What you should do:
Which lines in the data below contain the word "frac"? Return each of them.

The data:
....

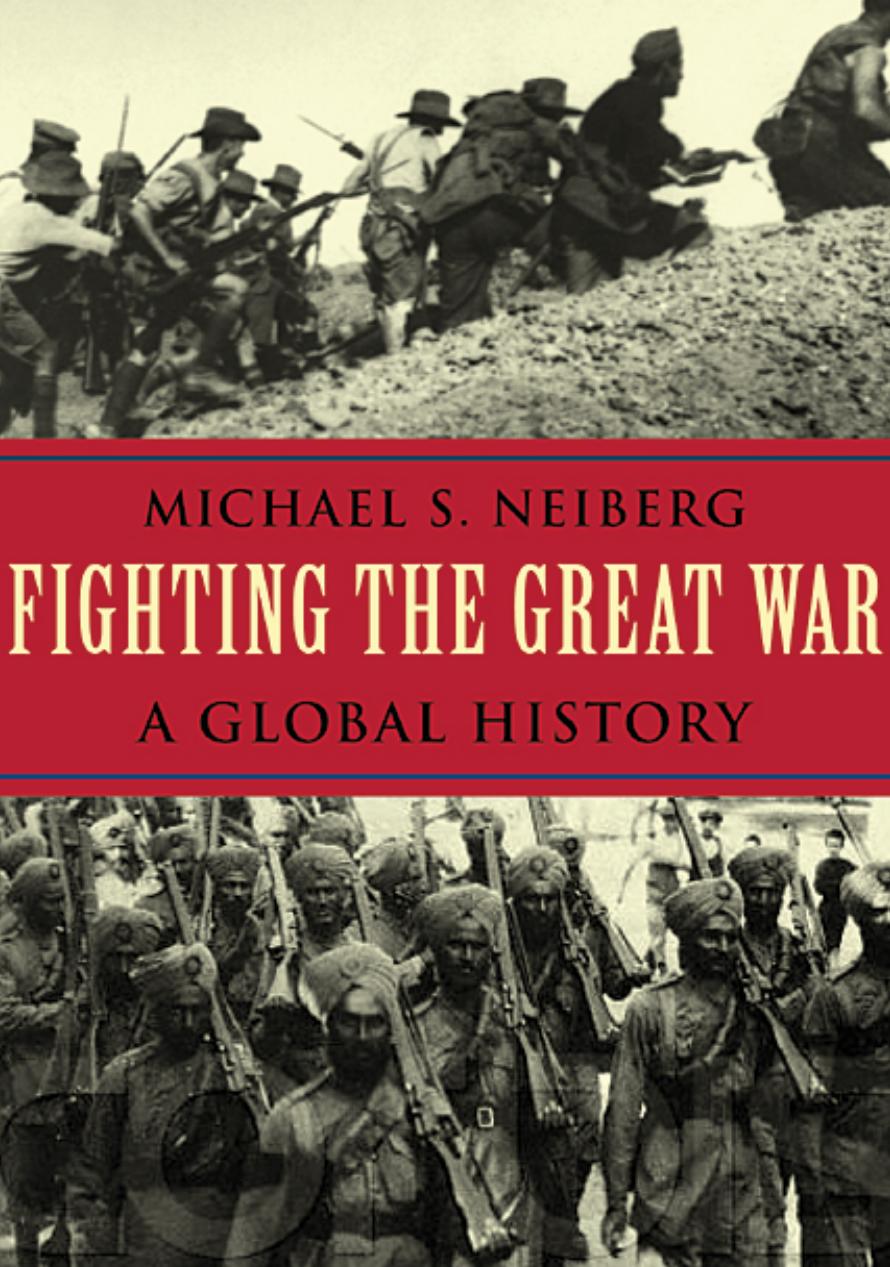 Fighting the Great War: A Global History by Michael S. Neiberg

....

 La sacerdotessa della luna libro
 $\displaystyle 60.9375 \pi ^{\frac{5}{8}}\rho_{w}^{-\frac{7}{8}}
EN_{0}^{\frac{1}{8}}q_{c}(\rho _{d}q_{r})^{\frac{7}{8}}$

....

Exercise response:
 $\displaystyle 60.9375 \pi ^{\frac{5}{8}}\rho_{w}^{-\frac{7}{8}}
EN_{0}^{\frac{1}{8}}q_{c}(\rho _{d}q_{r})^{\frac{7}{8}}$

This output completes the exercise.